Paris – die Stadt der Stiegen
Freitag.
Zum ersten Mal alleine im Flugzeug. Madame und ich. Der Herr ist – beruflich bedingt – schon dort. In Paris. Madame und ich kommen nach.Wie soll das nur funktionieren. Ich bin im Vorfeld etwas nervös. Ich packe sogar den quasi unbenutzten Tragegurt ein. Man muss für alle Eventualitäten gerüstet sein. Doch alles halb so schlimm. Die Mitreisenden sind durchwegs hilfsbereit. Mir wird beim Tragen geholfen und Madame wird bespaßt. Keine genervten Blicke, als sie vor lauter Erschöpfung zu schreien beginnt. Ich bin erleichtert.
Am Flughafen ist es anfangs auch noch einfach. Die RER ist Niederflur und ich schaffe es ohne Probleme Madame in ihrem Kinderwagen und meinen Koffer hinein zu wuchten. Es gibt sogar richtig viel Platz. Und so gut wie keine Leute. Da kann Madame niemanden stören. Ich bin guter Dinge.
Dann in Paris das böse Erwachen. Ich finde keinen Lift. Ich manövriere den Kinderwagen und meinen Koffer durch die Menschenmassen am Bahnsteig. Weit und breit kein Lift in Sicht. Mit der Rolltreppe traue ich mich nicht zu fahren mit dem Vielen Gepäck. Ich bin schon leicht genervt und zu allem Überfluss fängt Madame zu maunzen an. Die ganze Fahrt nach Paris war sie ruhig. Da wo ich sie aus dem Wagerl nehmen hätte können. Ausgerechnet jetzt fängt sie an. War ja klar.
Nach einer gefühlten Ewigkeit mit vielen falschen Fährten haben wir es geschafft. Die Odyssee durch die U-Bahn Station liegt hinter uns. Wir endlich draußen. Zumindest im Einkaufszentrum von Les Halles. Jetzt gilt es nur noch den Herrn zu finden. Gar keine so einfache Aufgabe. Das Einkaufszentrum ist riesen groß und ich habe keinen Empfang am Telefon. Ich bin kurz davor zu verzweifeln. Madame ist immer noch am weinen und ich habe nicht einmal mehr etwas zu Essen für sie dabei, um sie ruhig zu stellen. Entnervt irre ich herum. Ich bin wieder mal auf der Suche nach einem Lift. Was ganz was Neues.

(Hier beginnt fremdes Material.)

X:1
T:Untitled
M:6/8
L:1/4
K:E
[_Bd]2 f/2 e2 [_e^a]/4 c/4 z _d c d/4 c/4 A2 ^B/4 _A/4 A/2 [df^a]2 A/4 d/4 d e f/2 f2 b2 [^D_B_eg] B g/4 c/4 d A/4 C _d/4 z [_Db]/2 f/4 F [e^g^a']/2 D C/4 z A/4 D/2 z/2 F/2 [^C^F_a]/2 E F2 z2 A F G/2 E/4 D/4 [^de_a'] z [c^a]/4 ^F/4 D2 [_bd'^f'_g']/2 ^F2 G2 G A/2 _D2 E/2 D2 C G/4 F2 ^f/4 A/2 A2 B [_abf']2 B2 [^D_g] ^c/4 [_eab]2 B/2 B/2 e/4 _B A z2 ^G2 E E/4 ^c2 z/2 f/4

Nach unzähligen Irrwegen hefte ich mich an eine Dame, die ebenso mit Kind unterwegs ist. Ich habe Glück. Sie steuert direkt einen Lift an und ich bin draußen. Endlich. Der Herr hat ebenso den Weg zu uns gefunden. Gottseidank. Vielleicht ist das alleine Reisen doch nicht so toll.
Samstag.
Am nächsten Morgen gehts dann weiter. Zuerst muss ein gutes Frühstück her. In Paris gar nicht so einfach zu finden, gibts meistens nur Croissant und Kaffee. Ist zwar auch gut, aber nichts für mich. Ich habe in der Früh immer großen Hunger.
Uns fällt erst jetzt auf wie zentral unsere Wohnung wirklich ist. In nur fünf Minuten zu Fuß sind wir da. Beim Claus* in Paris. Einem Deutschen, dem das Pariser Frühstück zu wenig war. Sehr sympathisch. Dort dann die Ernüchterung: Es ist kein Tisch frei. Wir hätten reservieren sollen. Nach 20 Minuten Wartezeit vor Ort , dann endlich. Ein Tisch ist frei. Und Madame wach. Dann wird es eben nichts mit dem entspannten Frühstück zu zweit. Auch nicht schlimm.

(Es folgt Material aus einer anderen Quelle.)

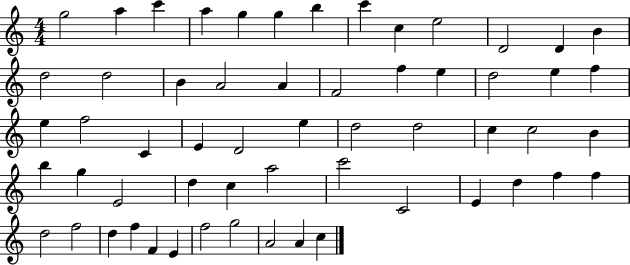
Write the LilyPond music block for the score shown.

{
  \clef treble
  \numericTimeSignature
  \time 4/4
  \key c \major
  g''2 a''4 c'''4 | a''4 g''4 g''4 b''4 | c'''4 c''4 e''2 | d'2 d'4 b'4 | \break d''2 d''2 | b'4 a'2 a'4 | f'2 f''4 e''4 | d''2 e''4 f''4 | \break e''4 f''2 c'4 | e'4 d'2 e''4 | d''2 d''2 | c''4 c''2 b'4 | \break b''4 g''4 e'2 | d''4 c''4 a''2 | c'''2 c'2 | e'4 d''4 f''4 f''4 | \break d''2 f''2 | d''4 f''4 f'4 e'4 | f''2 g''2 | a'2 a'4 c''4 | \break \bar "|."
}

Es wird der Valentinsbrunch für zwei. Ohne so genau zu wissen, um was es sich dabei handelt. No Risk, no Fun! Als ersten Gang bekommen wir selbst gebackenes Brioche und Croissants mit gesalzener Butter und zwei Marmeladen. Wirklich lecker. Madame sieht das genauso. Vergnügt lutscht sie an ihrem Stück Croissant. Der zweite Gang – ein Fischtartar (keine Ahnung von welchem Fisch) und zwei pochierte Eier in Trüffel-Hollandaise – kommt. Und ich bin jetzt schon so satt, dass fast nichts mehr Platz hat. Egal – da müssen wir jetzt durch. So lecker, wie es schmeckt, auch kein großes Problem. Selbst der Koriander im Tartar stört nur wenig. Vielleicht hebt sich der mit Fisch ja auf. Man weiß es nicht genau. Den dritten Gang, eine Himbeertarte mit Zitronencreme und kandiertem Ingwer – auf die haben wir in der Épicerie gegenüber schon gespechtelt – schaffen wir dann nicht mehr ganz. Nicht einmal mit Hilfe von Madame, die mit Begeisterung die Himbeeren isst. Haben wir halt noch was für später. Auch gut.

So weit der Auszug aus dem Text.